■ **Supplied information**:

┄┄┄┄┄┄┄┄┄┄┄┄┄┄┄┄┄┄┄┄

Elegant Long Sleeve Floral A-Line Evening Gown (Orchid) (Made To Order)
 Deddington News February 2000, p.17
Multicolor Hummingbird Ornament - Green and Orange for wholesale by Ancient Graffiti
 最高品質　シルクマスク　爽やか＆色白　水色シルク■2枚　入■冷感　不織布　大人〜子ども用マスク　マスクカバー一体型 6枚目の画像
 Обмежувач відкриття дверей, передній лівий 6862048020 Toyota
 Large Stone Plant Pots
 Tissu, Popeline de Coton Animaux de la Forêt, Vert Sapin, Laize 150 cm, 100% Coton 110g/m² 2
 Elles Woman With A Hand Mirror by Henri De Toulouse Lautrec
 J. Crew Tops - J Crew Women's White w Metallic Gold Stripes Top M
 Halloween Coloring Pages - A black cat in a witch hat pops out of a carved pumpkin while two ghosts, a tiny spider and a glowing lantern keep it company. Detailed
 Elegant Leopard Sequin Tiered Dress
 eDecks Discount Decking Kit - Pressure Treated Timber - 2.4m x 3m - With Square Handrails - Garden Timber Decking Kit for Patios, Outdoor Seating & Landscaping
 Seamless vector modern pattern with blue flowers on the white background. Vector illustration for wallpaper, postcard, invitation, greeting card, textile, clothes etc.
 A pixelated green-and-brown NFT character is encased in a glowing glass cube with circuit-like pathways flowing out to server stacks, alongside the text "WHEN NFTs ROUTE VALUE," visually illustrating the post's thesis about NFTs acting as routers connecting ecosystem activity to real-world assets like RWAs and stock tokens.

┄┄┄┄┄┄┄┄┄┄┄┄┄┄┄┄┄┄┄┄

■ **Brief**: Only the lines holding the word "glowing" belong in the answer; copy them from the listing above.

■ **Final answer**:
 Halloween Coloring Pages - A black cat in a witch hat pops out of a carved pumpkin while two ghosts, a tiny spider and a glowing lantern keep it company. Detailed
 A pixelated green-and-brown NFT character is encased in a glowing glass cube with circuit-like pathways flowing out to server stacks, alongside the text "WHEN NFTs ROUTE VALUE," visually illustrating the post's thesis about NFTs acting as routers connecting ecosystem activity to real-world assets like RWAs and stock tokens.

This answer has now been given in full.